Input data:
----
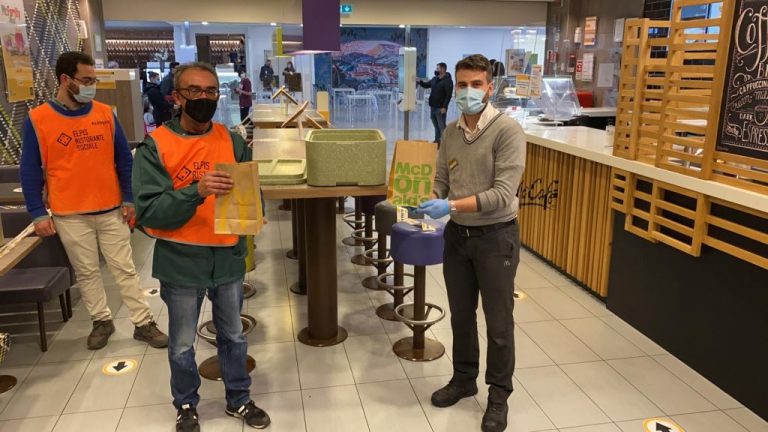 A Salerno e Potenza McDonald’s dona 400 pasti a settimana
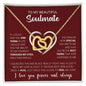 My Beautiful Soulmate | Love & Light - Interlocking Hearts Necklace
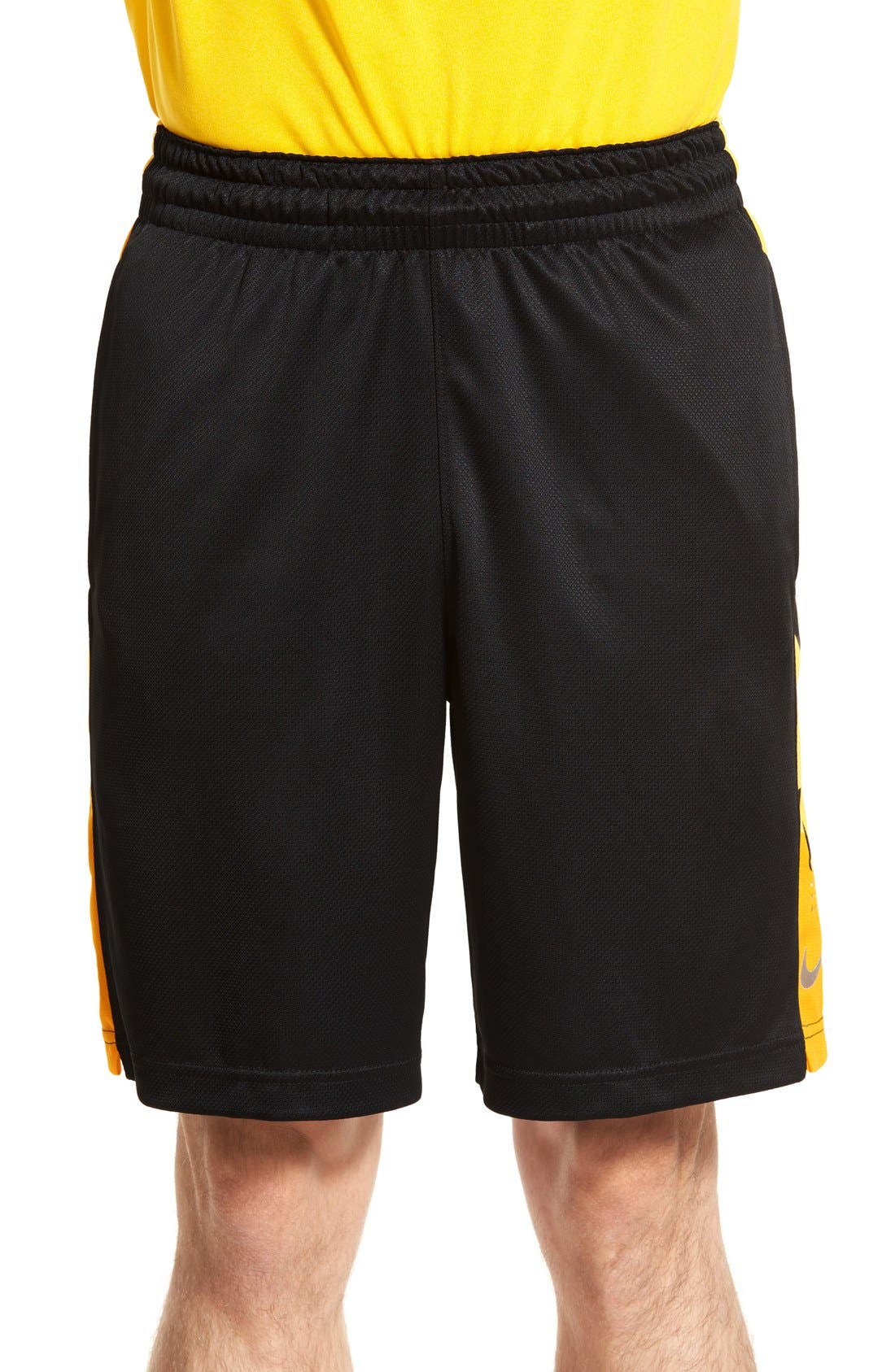 yellow nike elite shorts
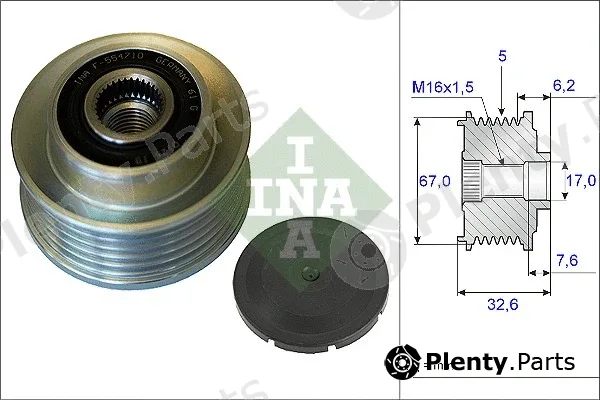 INA 535009710 — Alternator Freewheel Clutch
----
Assignment:
Pictures aside, give the data again exactly as it appears.

Exercise answer:
 A Salerno e Potenza McDonald’s dona 400 pasti a settimana
 My Beautiful Soulmate | Love & Light - Interlocking Hearts Necklace
 yellow nike elite shorts
 INA 535009710 — Alternator Freewheel Clutch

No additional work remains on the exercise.